Introduction: Cyclic stretch stimulations known to affect blood flow to the wound bed and to enhance cell migration and proliferation, which contributes to tissue repair. Our aim is to evaluate the influence of dynamic substrate radial strains on proliferation and migration of cells en-mass, in culture models of a wound-bed, towards improvement of negative pressure therapy technologies and protocols.

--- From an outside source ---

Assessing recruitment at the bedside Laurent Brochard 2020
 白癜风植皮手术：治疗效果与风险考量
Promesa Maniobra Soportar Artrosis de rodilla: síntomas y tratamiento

Methods: In order to evaluate the influence of dynamic cell stretching as above, we developed an apparatus for applying controlled dynamic tensile strains to cell culture substrata. To maintain a controlled environment during experiments we further developed an incubator that is mountable on our microscope and dynamic cell stretching system (DCSS). To demonstrate the function of DCSS and custom-made incubator, we conduct two types of experiments. In the first, we calculate cell confluency of a specific area in a culture over 5 days to determine effects of the strain regime on proliferation, using digital image processing of the micrographs (using Matlab codes). In the second experiments set, we quantitatively characterize cell migration by creating a circular “wound” in a fully confluent culture and monitor the en-mass migration until closure. In both experiment types we compare dynamic strain stimuli regimes to static and to non-stretch controls.
Results & conclusions: The DCSS, custom-made incubator and coupled digital image processing codes make a powerful experimental system for determining the effects of deformation regimes on cell proliferation and migration. The acquired experimental data will inform development and improvement of negative pressure therapy systems.